Independently of raising revenues, the Robin Hood Tax will deter frenzied stock market trading.
Most shares are now held for an average of a few months. This means that shareholder pressure on companies is to generate immediate returns by slashing jobs, research, investment etc.
If the RHT can put a significant dent in the extent to which shares in European companies are traded, it will give those companies a huge competitive advantage over rivals in the UK who will be unable to take the same long-term view.
Of course, it’s much easier for the mainland Europeans to say that high frequency trading is damaging to the real economy. Both on the mainland and here, it’s probably true but countries like France, Germany etc were n’t daft enough to build their economy around zero-sum speculation and we were.
So the impact of any job losses over the channel from Robin Hood will be negligible, whereas here they’d be more severe (even if beneficial in the long-run).
@15 there are simply too many variables to make that idea practical. However I think we should start by simply asking how we measure success/failure. Even sticking to the basic ‘does it raise money for the government?’ we still need to calculate alternative revenue streams that may reduce as a result – i.e if jobs are lost then income taxes from those jobs will reduce.
This gets more complicated when we try to ask things like ‘does it increase the cost of a mortgage to the end user’ as there are simply lots of things that effect this we’d need to control for.
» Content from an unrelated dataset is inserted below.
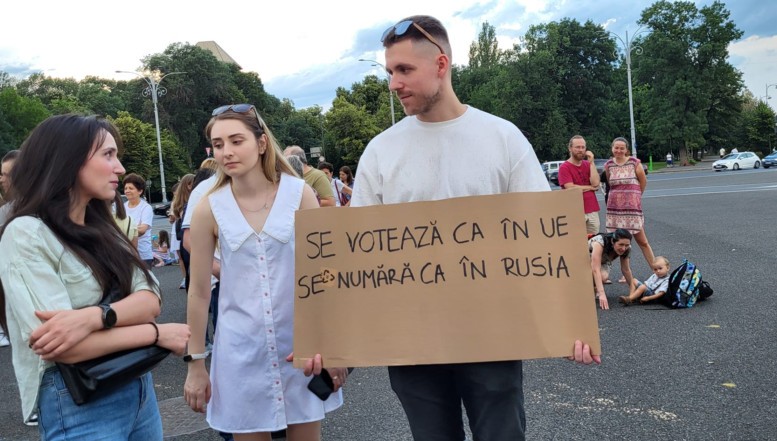 Un nou protest „Fără fraudare! Vrem renumărare”, în Piața Victoriei / Candidații USR afirmă răspicat că alegerile de la S 1 și S 2 au fost furate! Mihaiu: „Au dispărut 1345 buletine de vot, au dispărut ștampile de vot. Aflăm că au fost scoase din secții și ștampile de control” / Armand: „Sunt 110 procese verbale cu chei care nu se închid”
@15 Luis, there might be a thousand and one other taxes, but there will only be one RHT. And it only affects specific transations. So it will be easy to spot if it works or not. Keep track of the tax receipts and monitor the number of transactions that take place – simples!
smb
I agree the quantity of revenue it gathers directly is of interest, and in theory easily measured. But what we want to know is whether the FTT causes reductions in tax elsewhere, for example because the UK loses some financial sector activity to other territories, that offset the revenues it gathers directly. Even harder to measure is the idea that the FTT might cause the real level of output to fall, relative to its path otherwise, which I think is the prediction that lies behind this piece of EU research Tim likes to quote showing the FTT will cause tax revenues to fall (i.e. that’s a different claim from saying the nominal sum of tax will fall or that tax relative to GDP will fall).
“Keep track of the tax receipts and monitor the number of transactions that take place – simples”
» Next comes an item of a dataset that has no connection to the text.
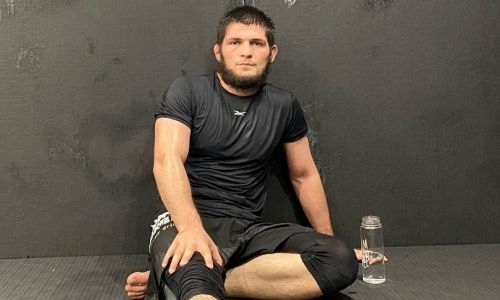 «Продолжаю делать то, что я делаю лучше всего». Хабиб Нурмагомедов рассказал о своих занятиях на карантине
If that is the only way we monitor this, then we will simply end declaring it a success.
As Luis says, those arguing against it are saying it will reduce the amount raised from other taxes so the overall effect will be negative.
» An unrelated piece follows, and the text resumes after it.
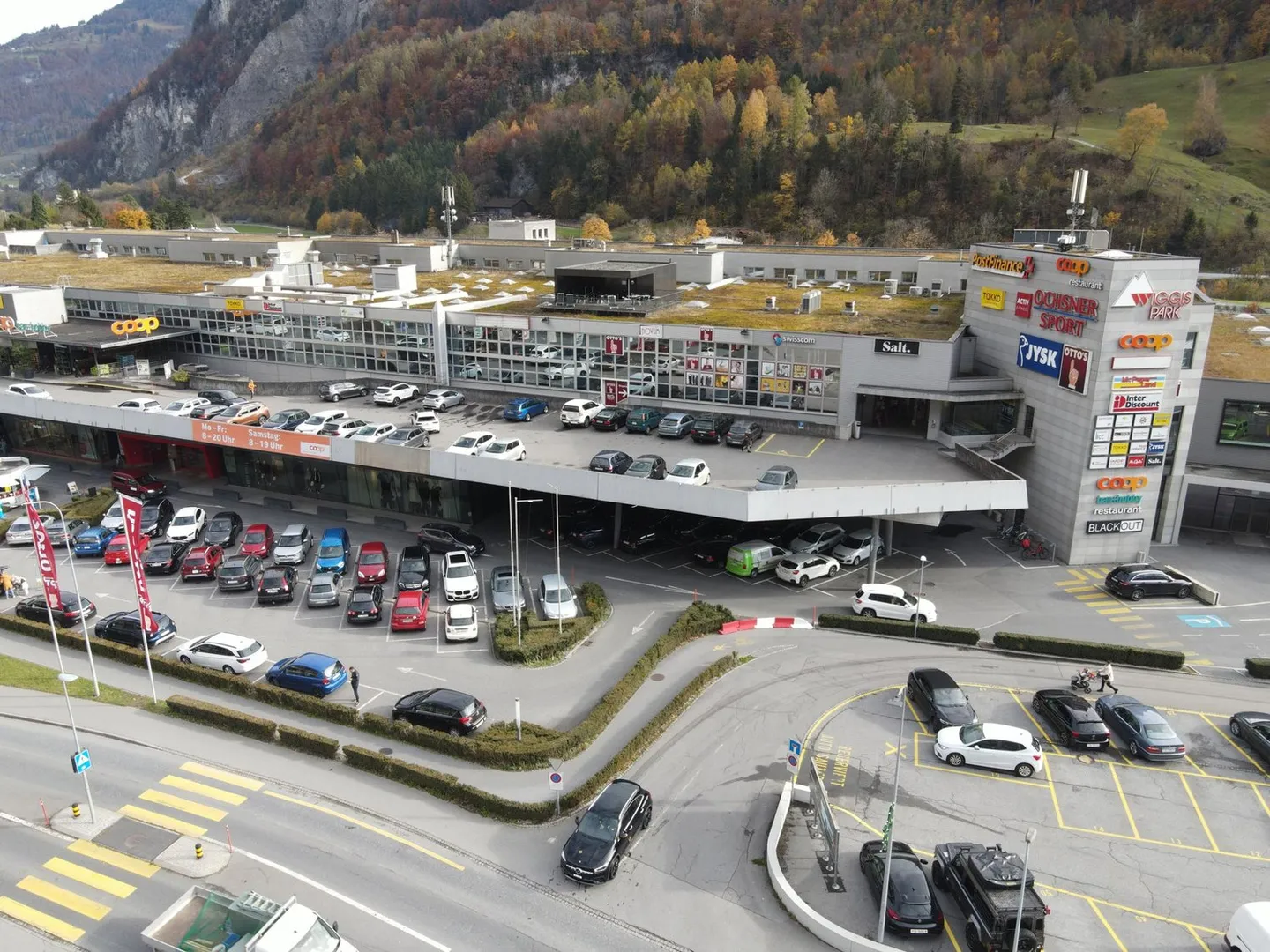 115 sqm retail space in Wiggis-Park shopping center Netstal - Photo 1 of 4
The EU commission simply refuse to look at reality. There are some million-dollar deals that will yield thousands of dollars in tax if they aren’t re-routed out of the EU (as the analysis prepared for Barroso forecast that many of them would) but there are tens of thousands of tiny deals – every month’s contribution into a sharesave scheme, every tiny slice of a stock that an index fund has to buy when it gets money in or has to sell to raise cash to pay for a rights issue just for starters, where the cost of levying and recording the tax will exceed the tax raised. That reduces profits by more than twice the tax collected. If half that profit went in bonuses, taxed at 58% direct including Employer’s NI, then VAT of 20% on most of take-home pay and half to shareholders: CT of 24%, and higher rate tax on say half the dividends, you have already lost more tax than you gain before the knock-on effects of GDP.
The purpose of this tax is to divert cash from the UK to Brussels unaccountable bureaucracy. Cameron has blocked that pro tem but Barroso has gone ahead anyway to avoid loss of face.